With more and more companies facing the ramifications of data center failures, the need to create a solid redundancy plan is getting more attention. Creating redundancy of a component to ensure that backup is available is considered essential.
For a data center, redundant components can include servers, as well as fans, operating systems, hard disk drives, and other components of a network system.
As you examine your options for redundancy in data center capacity, you may be questioning how much is enough — especially since duplication can be considered excessive or unneeded in some cases.
Here are some factors to consider as you create redundancy in your data center operations:
Weigh the risks of failure. Before developing a redundancy plan, it’s important to examine the risks of failure and the costs associated. Only then can you get buy-in on investing the resources needed to develop redundancy. Examine everything from a “small” failure to a major, lengthy failure and its impact on operations.
Determine how much is too much. You can go overboard with creating a redundancy plan, as Brian Kirsch of Milwaukee Area Technical College points out.
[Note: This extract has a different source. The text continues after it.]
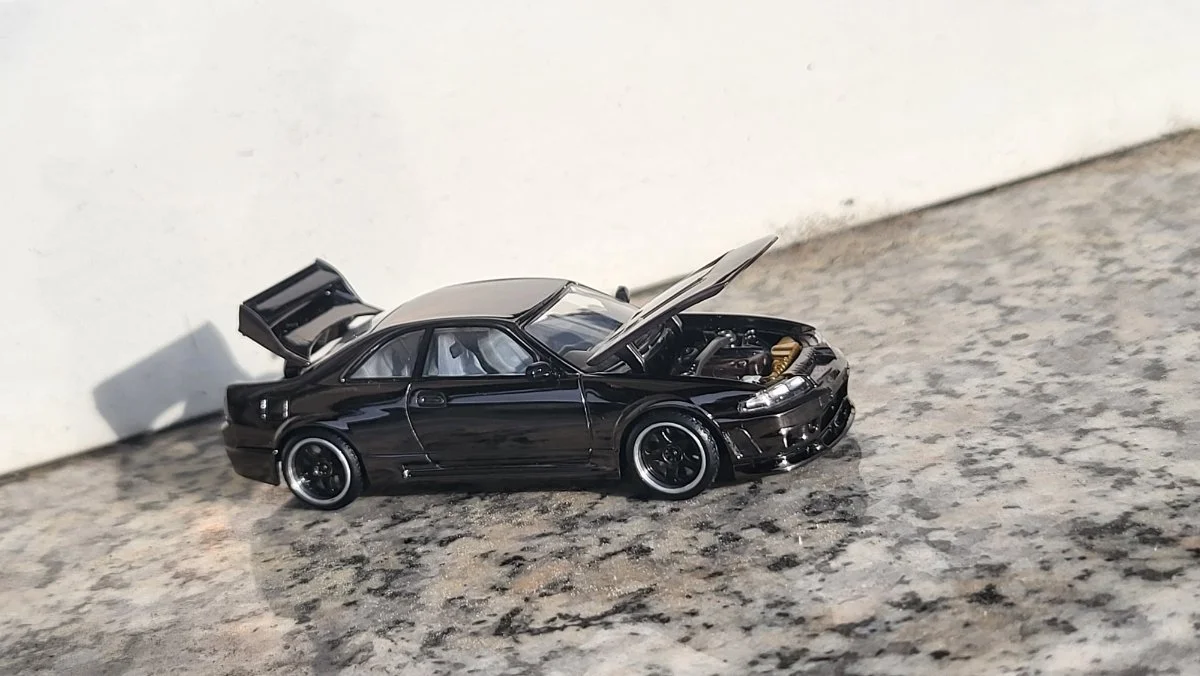Pop Race Nissan skyline r33 1:64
For example, it’s not necessary to “redundant everything” for a tier-one application, as one company initially set out to do. Once they discovered the expenses related to that plan, they scaled back to determine what was actually needed. As Kirsch explained, traditional hardware redundancies with additional network and power connections can be considered the baseline for most virtualized infrastructures. Otherwise, companies will run into under utilized resources.
Kirsch said to keep in mind that with a virtualized environment, the system you’re trying to protect is not a single system. Keep in mind that it may contain dozens of systems and applications. The more complex, the higher level of redundancy you should explore than you would for a traditional server.
Establish redundancy on different levels. Redundancy plans can be established for numerous levels — from components all the way up to regional, geographic and world levels. All companies should focus on redundancy plans that take into consideration component failure, assembly failure, room failure and building failure. On the most basic level, an N+1 approach is essential; it allows for having one more component than would normally be needed. On the next level — assembly failure — redundancy would be created for the failure of a complete server or a storage system. Storage mirroring and multiple network interface cards can provide resistance to failure. Room failure can be addressed by building two data centers within the same facility. The same concept could apply to building failures.